Meanwhile a series of asessment papers have been published about the G8 protests, some of them carry approaches that are worth discussing. a text that quite some people have been waiting for has not been published, it somehow disappeared in between. So here it is, it should reach many and play its part in the evaluation-process.

PAULA explains herself

With this paper we want to publish a part of our evaluations and self-criticism. PAULA, the crossregional plenary for a decentral space of actions and blockades around the G8 Summit in Heiligendamm, has been a heterogeneous, temporary alliance of groups and sole persons. For this reason we will only evaluate the decentral blockades and not deliver a collective statement about the G8 protests in general. We take part in this discussion in another place in our everday lives and in our groups.

The idea and the hope

The idea for PAULA emerged from the background of years of experience of protests against the Castor nuclear waste transport inWendland as well as from our experiences during the defensive summitblockades 2006 in Gleneagles. To complement the concept of massblockades of Block G8 and because of our criticisms of its restricted frame of action, we wanted to try to massively hinder the summitmeeting 2007 with a circle of decentral blockades of the crossroads to Heiligendamm. We wanted to use the “specific summit” situation- to be with very many people on the spot – to effectively disturb the course of the summit at various infrastructural points, thereby expressing our clear and unmisunderstandable rejection of the meeting and of neoliberal politics. To create an uncontrollable situation we thought of several material blockades with materials that were already there, deposited for this. Decentrality should enable us to act as uncalculable and flexible as possible.

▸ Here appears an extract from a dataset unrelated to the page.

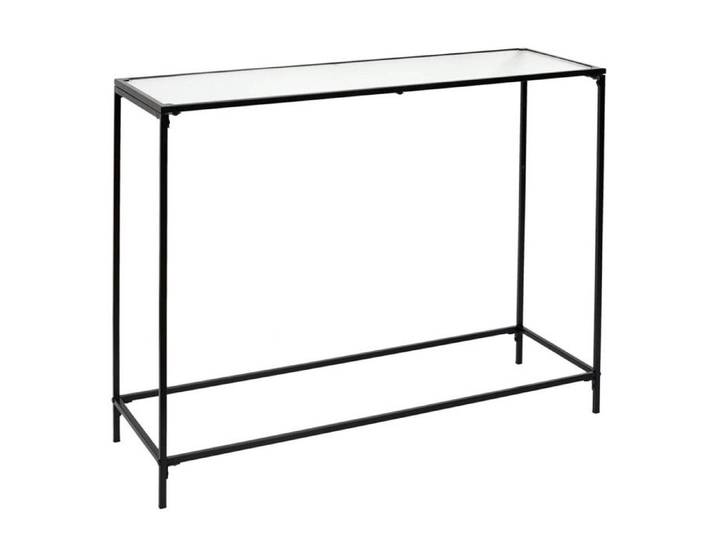 GLASSI - Console Noire Plateau en Verre Texturé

Part of the PAULA concept was firstly) that further groups and networks would be inspired by PAULA and prepare decentral blockades and secondly) that lots of activists woulld join in and take part during the days of the summit. By this we also tried to get out of the small clandestine circles and open the door for mass militancy. There was work done to establish a structure of information to enable groups to exchange points in time and place of an action expected to happen, and that should guarantee the short term integration of other groups, especially of the internationals.

The conditions and us

Shortly before and especially during the actiondays we realized our weaknesses and limits. The result was desillusioning. We only heard of a few actions that we could count as a decentral blockade (see http://www.gipfelsoli.org/rcms_repos/maps/action.html). Some of the partly well prepared decentral actions could not take place. Partly this was because the cops got infos about planned actions, or because of missing activists, which against our expectations got very close to the fence and therefor far from our material depots. At other places the prepared points for blockades and the material depots collided with other actions, so that these points could not be reached because of the joyful trafficjam caused by them. Besides these outher conditions a certain failure has to be ascribed to our own inability to stay able to act in repressive surroundings. Already in the preparation we put the focus on the concrete preparation of the individual actions and not so much on the effective mobilisation for the actionplan. Connected with half-clandestine action-forms is the difficulty to promote the ideas and have spokespersons for the actions, which became a big problem for us during the days of the summit. In the preparation we could work with known comrades from other alliances who spread the decentral blockade-concept in different places. During the days of the summit we failed totally to get our ideas known in a self-conscious and offensiv manner. Because of fear of repression, we were way too much in the background, so that even people who sympathised with the idea, had hardly a chance to participate.

We became aware that the announcing of the actions needs to be much more and more precisely thought about in the preparation-process. Instead of concentrating on nice sounding calls we probably would have interested more people when we would have given more detailed informations about the concept, how to participate, orientation (accomodation roads, good points of attack) and how many people are needed for the action. During the days of action we would have needed an autonomous meeting or we should have been more visible on the campmeeting, or the last autonomous meeting organised by the internationals in Reddelich, to propogate our ideas and plans offensively. Another not unimportant reason for our being absent, we see in the overloading of activists being too much involved also through our responsibilities in the general protest-infrastructue, which was mainly taken care of by persons of the autonomous spectre. They took care of the wholes and helped in this way for the success in the other concepts, but did not take care enough responsibility for their own concepts. Finally, we have to say, that even when the hope should die at last, to hope that many other groups will be animated to organize own actions, only by calls, is not realistic at this time.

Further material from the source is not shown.